There's much ado about the "difficult" question of setting a timetable for the US withdrawal from Iraq. Joe- an online acquaintance of mine- blogged recently about this very thing, and I think his post is rather typical of many people's thoughts on the matter, albeit expressed in a more erudite, lucid manner. Joe weighs the options and while he doesn't exactly commit, he seems to settle on not instituting a timetable for withdrawal. His reasoning is really what I'm taking issue with. So, as promised, here is my crystal clear solution to this difficult issue in 1 1/2 points:
1. Do what the Iraqis want us to do. Not only is this our responsibility as an occupying force, but it's the only thing we should care about if we're doing this to "help" the Iraqis. 70% of all Iraqis think we should set a solid timetable for withdrawal regardless of the security situation. Um... so what exactly do we have to argue about?
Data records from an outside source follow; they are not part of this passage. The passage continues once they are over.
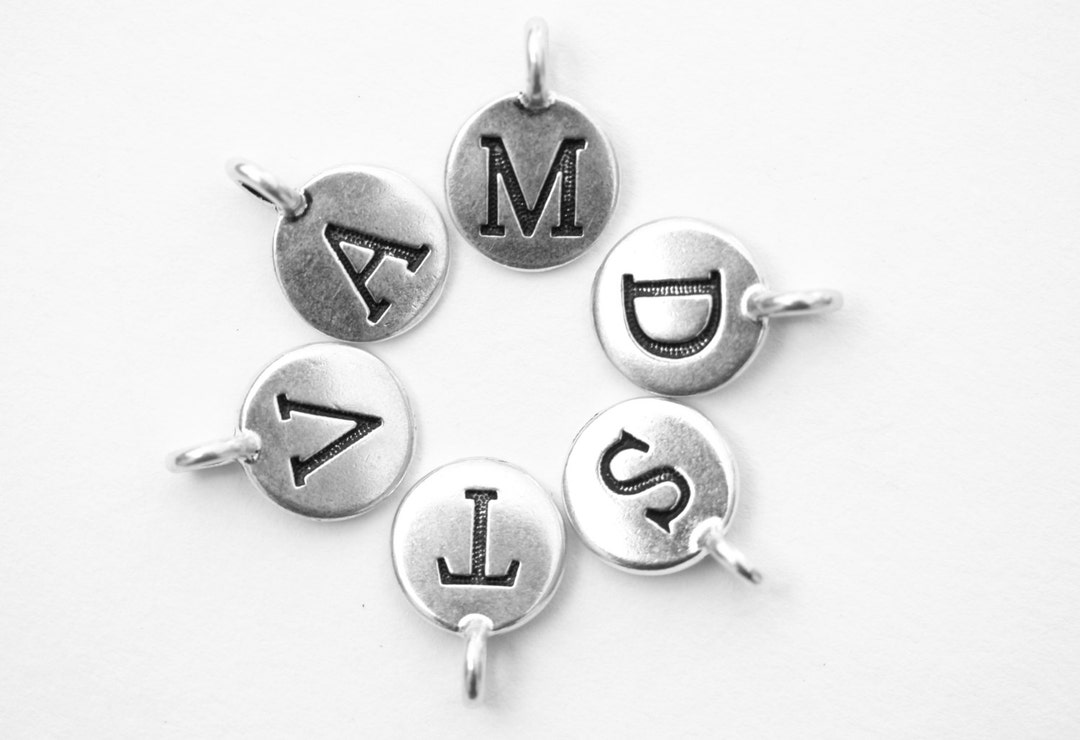 Letter Beads Letter Charms Alphabet Beads Letter Bead Name Etsy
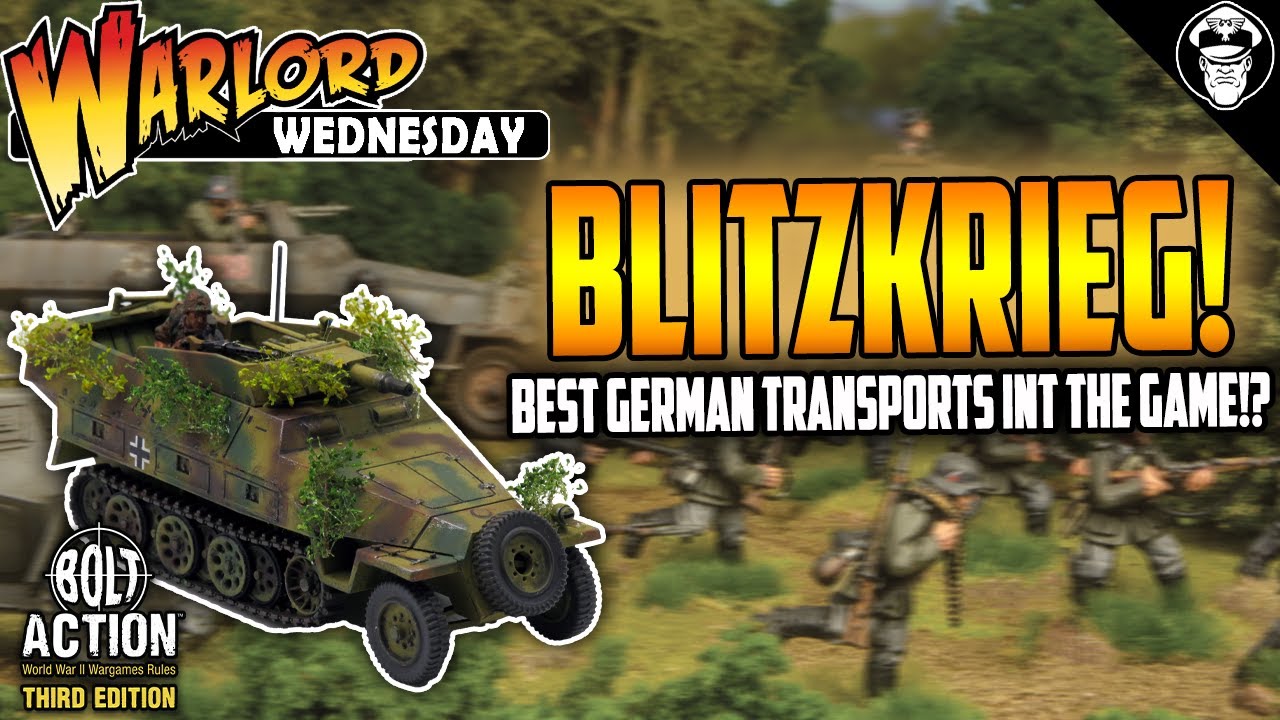 Is this the BEST Transport in the Game!? Hannomag & Stummel Unit Review | Bolt Action! 3rd Edition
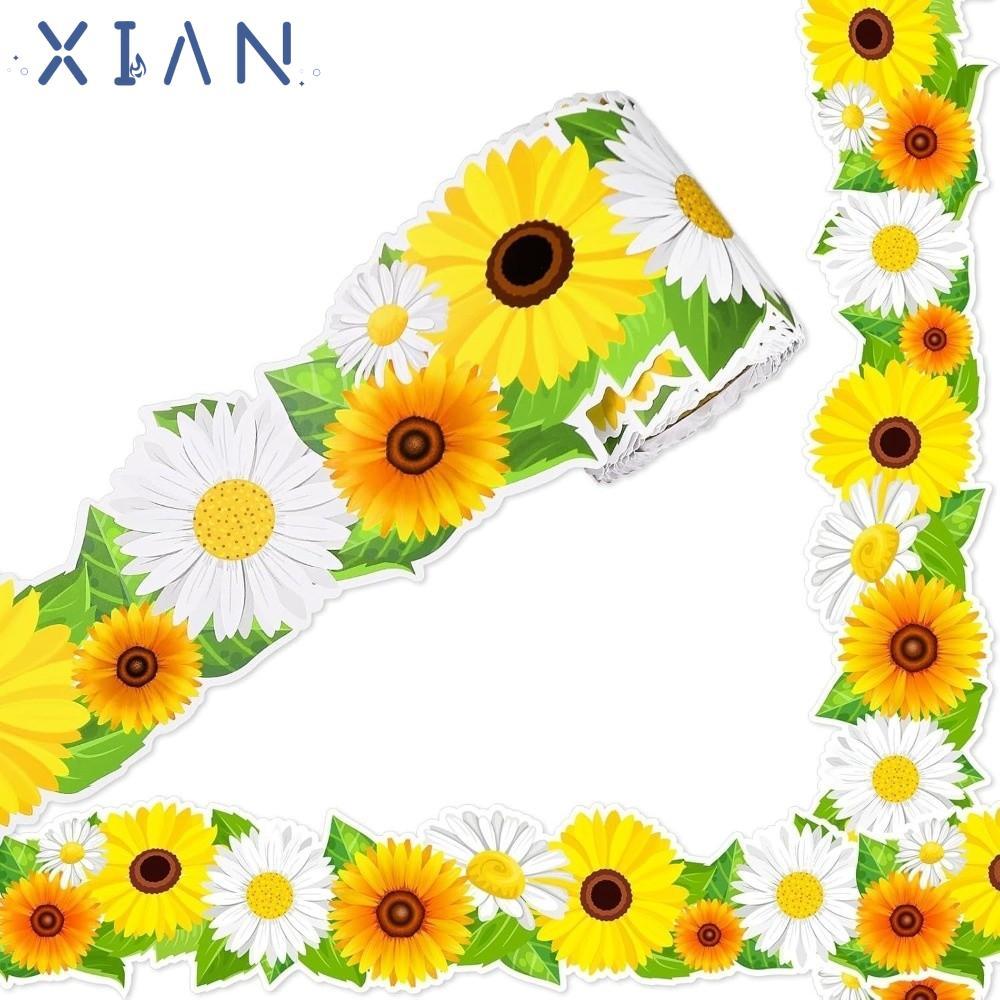 XIANEN กระดานดํา Bulletin Board Border, Self กาว 7.5 ซม.กระดาษขอบ,กระดาษ DIY ห้องเรียนตกแต่งงานฝีมือทําด้วยมือ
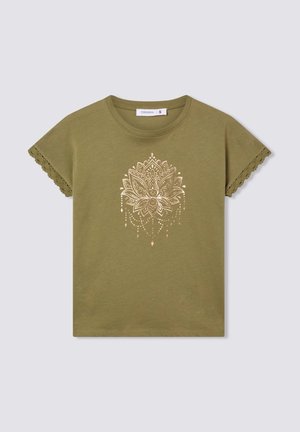 Terranova T-shirt con stampa - verde militare
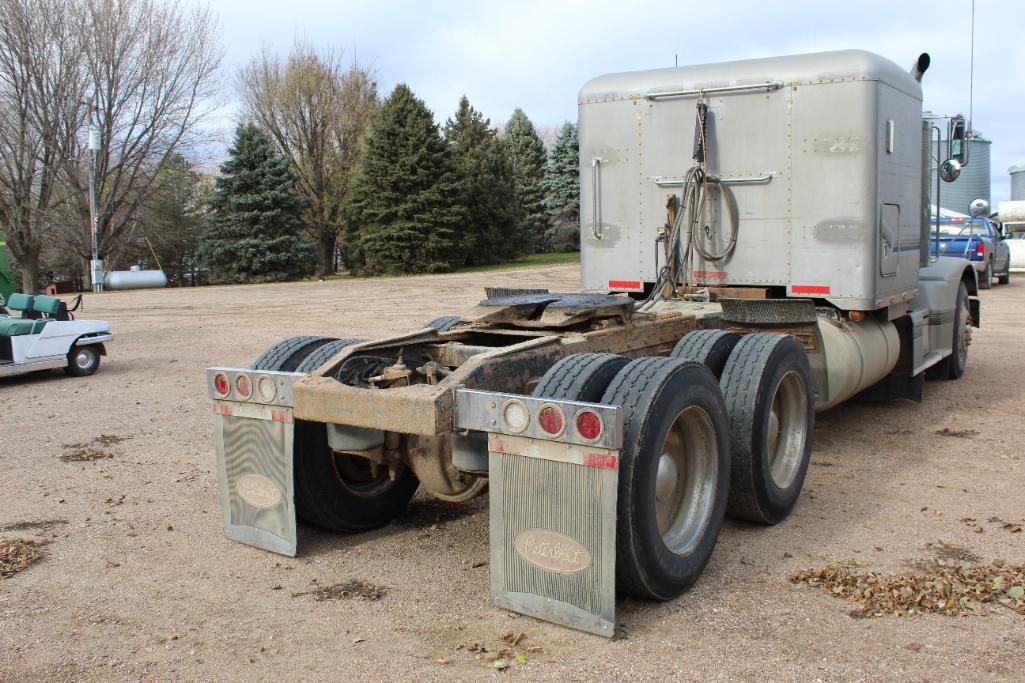 ***1991 Peterbilt 377 Sleeper Truck, 1XP-CDR9X-1-MD312122, 9 Speed E &F, 60" Sleeper with New Aux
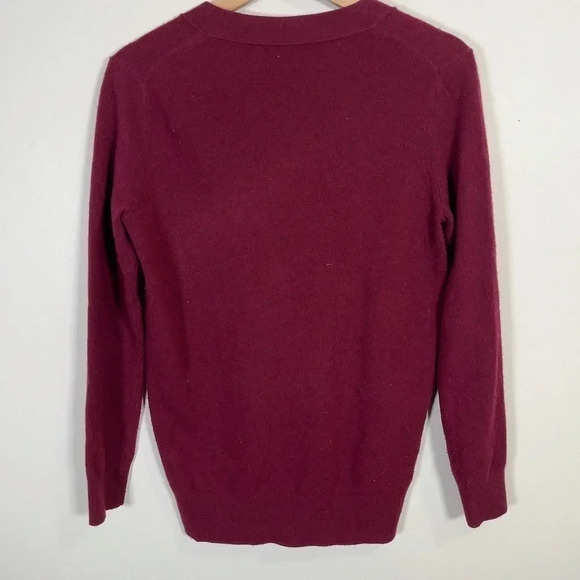 J.CREW  | V-NECK CARDIGAN IN MAROON - Picture 13 of 13
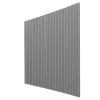 Placa Painel Ripado Nobre 250cm x 250cm Gelius Cinza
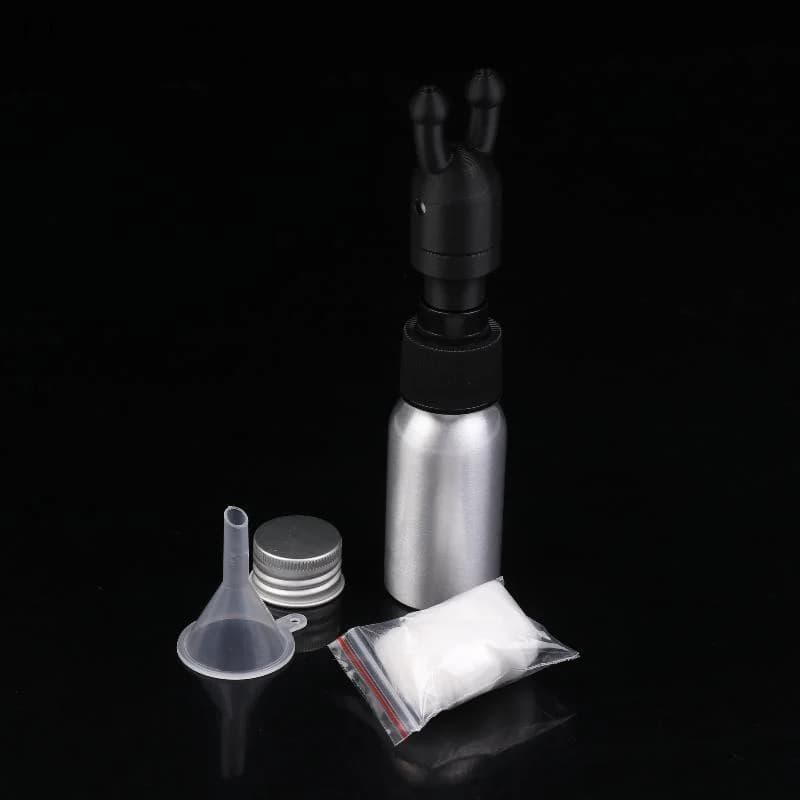 〔E〕Bouteilles en aluminium anti-fuite avec bouchon en silicone pour inhalateur d'huiles essentielles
1 1/2. Huge majorities of Iraqis think our presence makes the security situation worse. This is beating a dead horse (because point one is strong enough to stand on its own) but this is twice the reason to get out of Iraq (perhaps even now.) Sure, we might like to view ourselves as the last strand holding the thin veneer of Iraqi society together but that's pure fantasy. 64% of all Iraqis (ibid, your honor) think that crime and violent attacks would decrease as soon as we leave, and they also think they'd better able to cooperate in Parliament.
Of course, I may be emboldening the enemy as we speak (the 3:00 mark.)